X345 and ServeRaid 5i – Defunct Drives

data-recoveryibm

I have an old IBM X345 server with a ServeRaid 5i card that I was running as a fileserver/test-server.

It was running VMWare ESXi 3.5, with a virtualised OpenSolaris machine inside of this this (as well as other machines) with ZFS as the filesystem.

Anyhow, recently, after a reboot, on startup, ServerRaid complains that two logical arrays are offline. I have six SCSI drives in the machine – four 147 Gb ones, and two 72 Gb ones. From memory, the first four drives are in one array/logical disk, and the fifth drive is in one of it's own. The sixth drive isn't used.

Yes, this was running in RAID 0…shame on me, I know.

I booted up the ServeRaid Support CD, and the first and fifth drive were marked as defunct.

The first drive (147 Gb) was listed as defunct drive, I/O subsystem error, and the fifth drive (72 Gb) as defunct drive, physical drive not found. When I right-clicked, I did see an option to mark the drives as online again (I'm not exactly sure how this would work with the physical drive not found?), however, there was a warning about data loss if I proceeded. I'm assuming this wasn't the option I wanted to recover the disks.

What exactly does the IO/Subsystem error mean? If I mark online will it blow away the disk?

Also, on the Lightpath console on the server, I have an orange error light on the DASD. I'm guessing that's not such a good sign? Or is it? Could it just be the ServeRaid card? Cause if so, I can just replace that..sigh, really hoping it is.

Anyhow, how exactly should I proceed going ahead? Is there any way to recover either of the defunct drives (io subsystem or physical drive not found) back to their initial state? Or can I somehow rebuild the data from the remaining drives? (I suppose I'd have a corrupted VMFS (VMWare Filesystem) after that, and then I'd have to rebuild that, and then rebuild the virtual disk images inside of that…?)

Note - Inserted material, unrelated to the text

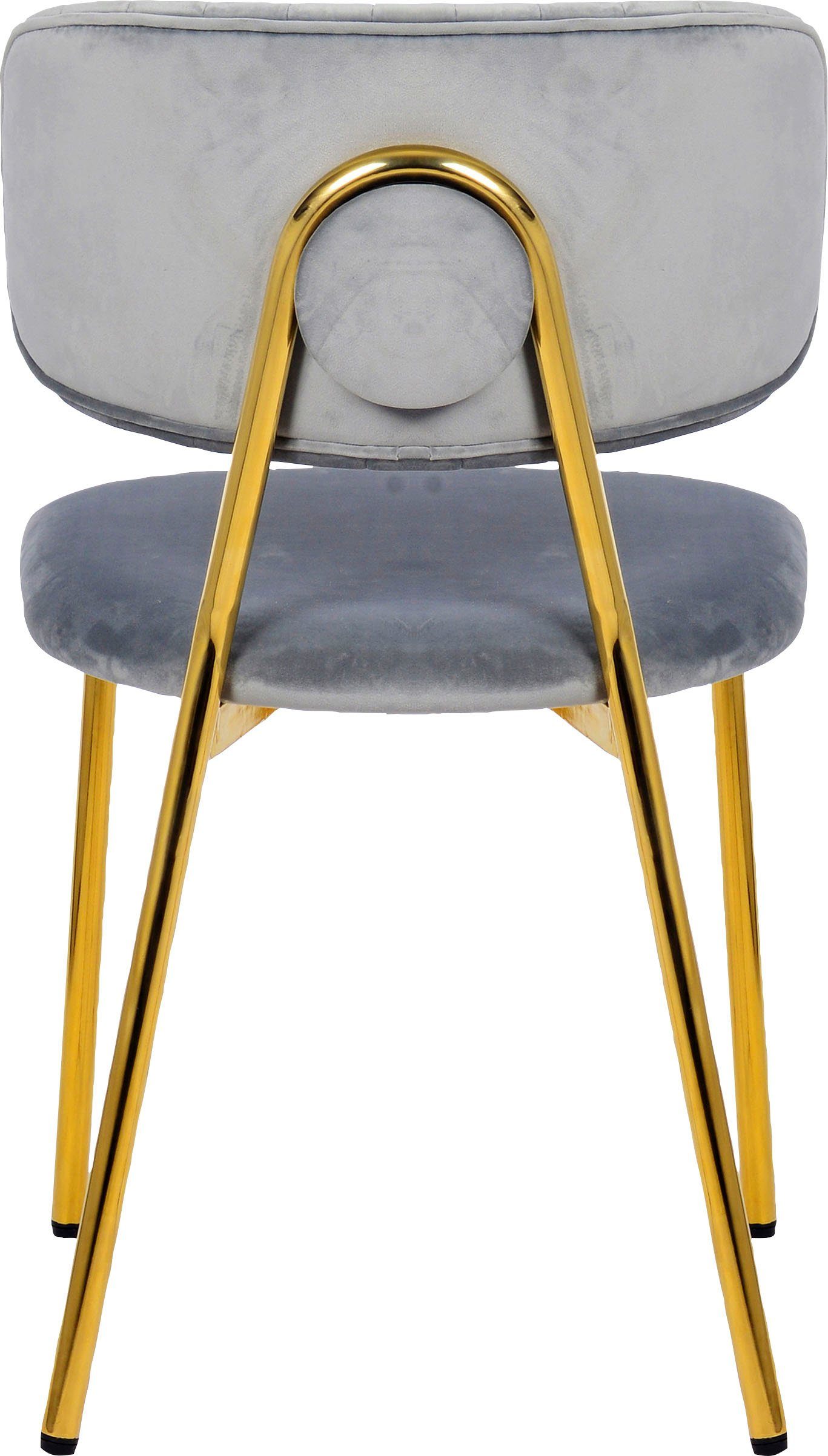 Kayoom Eetkamerstoel Stoel Kian 125 2-delige set, filigraan metalen frame, onderhoudsvriendelijke fluwelen bekleding (set, 2 stuks)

Any recommendations on how to proceed? (And yes, some people are probably going to say…oh…just reformat, and use RAID1 next time…lol. Hoping for something a little more hopeful than that…haha).

Thanks,
Victor

Ps: I've also made the Support Archive from ServeRaid available here:

http://www.victorhooi.com/files/Support.zip

(This is basically all the controller logs, and configuration information).

Best Answer

The orange led doesn't mean that the drive is broken: it means that it's marked as failed.

Recently I had the same issue on a ServeRaid 6i: two drives disappeared. The raid was level 5. I put one of the two online and I rebuilt the second. At the end of the process I got my array rebuild. Of course it was not a broken disk but a weird bug into the controller or into the disks.

Some disks seem to have broken firmware that cause the disk to deattach from the array randomly.